For myself, I noticed years ago that there were so many ways I react which are not my choice. They were learned from the environment.  Since it did not feel good for me to react these ways, I chose to change them. Most change did not occur overnight, it happened little by little.

For example, I did not like the level of sudden anger and subsequent resentment I held inside. I observed others who communicated upsets with such ease and lightness that I asked how they learned this way. One option is a method called “Non-Violent Communication.” Ask if it is a good time to talk. Make a neutral observation of what a person said or did and recap the facts (not opinions). Then describe your own emotions to what happened. Identify your needs in the situation. Make a request for future interactions and see if the other person is will to honor the request.

Upon discovering my sexuality and watching other women, I noticed that it was not pleasurable for us to constantly be barraged by aggressive males and eventually be influenced into an undesirable sexual interaction. It was always followed with general shame and disappointment. The typical sexual intercourse between two people, likely heterosexual, is nicknamed “vanilla sex” (a reference to a more ‘plain’ flavor). Unwanted sexual coercion has also been normalized by society. I then I began to wonder if a “chocolate” option is available…
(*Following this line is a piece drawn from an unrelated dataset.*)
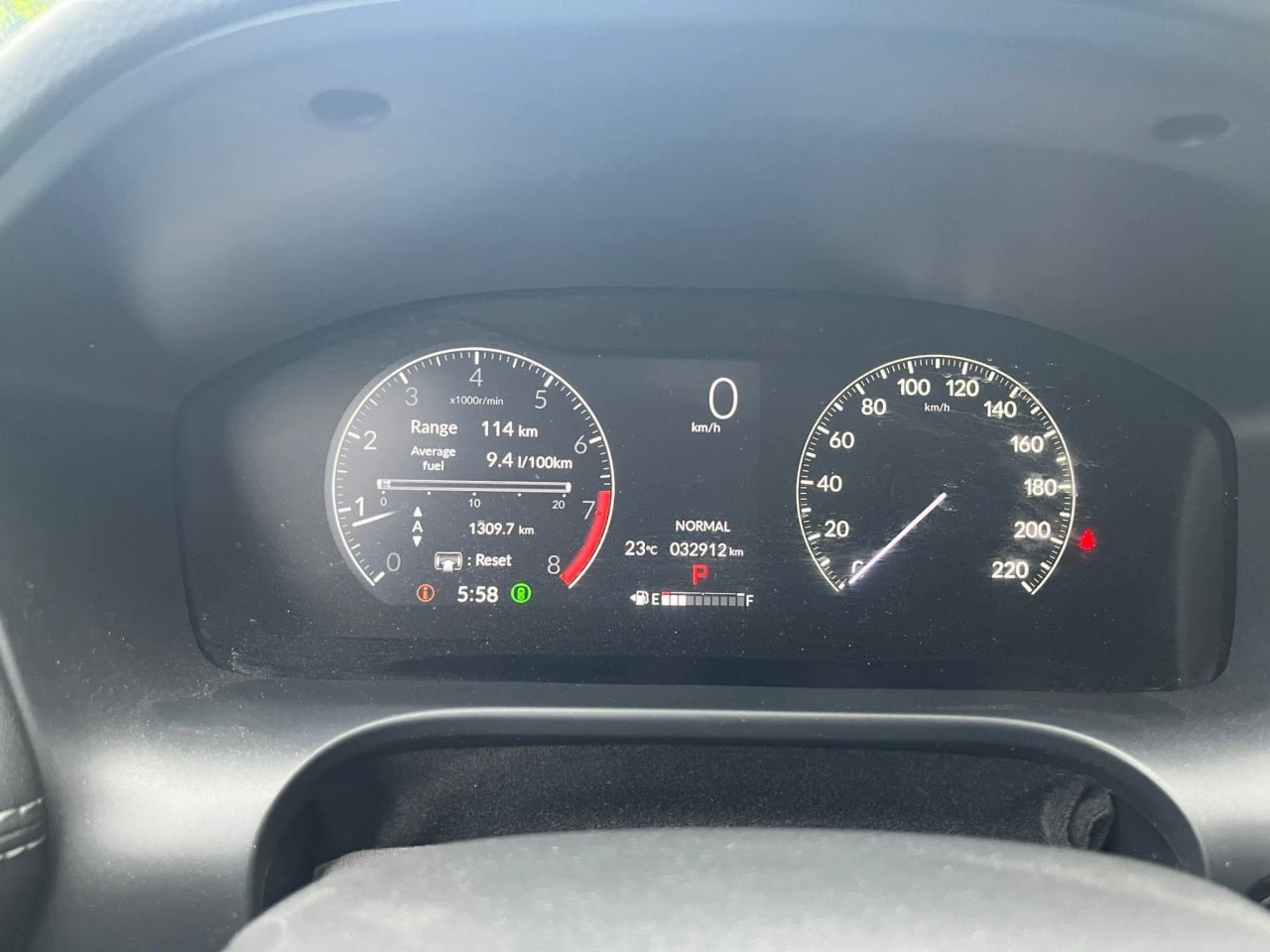 Honda Hr-v * CARFAX* АВТОФИНАНСИРАНЕ* БЕЗ ПЪРВОНАЧАЛНА ВНОСКА - изображение 7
I started to observe sexual encounters where pleasure and safety was a priority for all.   It really was possible to have two (or more) partners communicate their preferences with full transparency. In fact, they proceeded with sexual play based what’s called an “enthusiastic yes:” joyfully approved sexual exploration. Some beginning steps start with an honest conversation, like in BDSM/kink play:

-Do they agree to be safe, sane, and consensual?
-What is the safeword? (to signal stop, slow down, or give more)
-Is anyone involved under the influence of any drugs or alcohol?
-Out of the sex toys available, what are they open to using?
-What kind of aftercare do they prefer? (gentle care after harder play)

In a recent conversation about consent and pleasure, my friend had this to share:

“I’ve been in so many sexual situations where I forced myself to go through the motions of intercourse and even appeared to be into it, what would have truly been in my pleasure was to say no, or stop, or slow down. 

I’ve hated feeling like I was some sort of “thing” that a person could just take their pleasure for themselves from my body. It’s been a journey in uncovering the true nature of consent.  It feels so much better to be willing to unravel our own self-repression together. To be open to actually have our fantasies and desires become reality. 

I enjoyed the most beautiful experience of intimacy and affection I’ve ever had to date, in my 30 years of being alive. Slow, sensual, a moment by moment “enthusiastic yes” to each sensation.  We didn’t even talk during this fully clothed exchange.

In contrast, a few weeks later, I experienced a very different encounter, a rather disappointing one. This other lover was so consumed by their own desire for orgasm and ravenous pleasure that they aggressively bulldozed past my boundaries so quickly. My experience of them touching me felt like they were taking from me instead of replenishing.” 

This is only one of many long conversations that have opened my mind over the years. Now that I have different options to be able to live in a more healthy, clear, vibrant life, it feels like the new consideration is: “Chocolate — or spicy chocolate? CHOOSE.”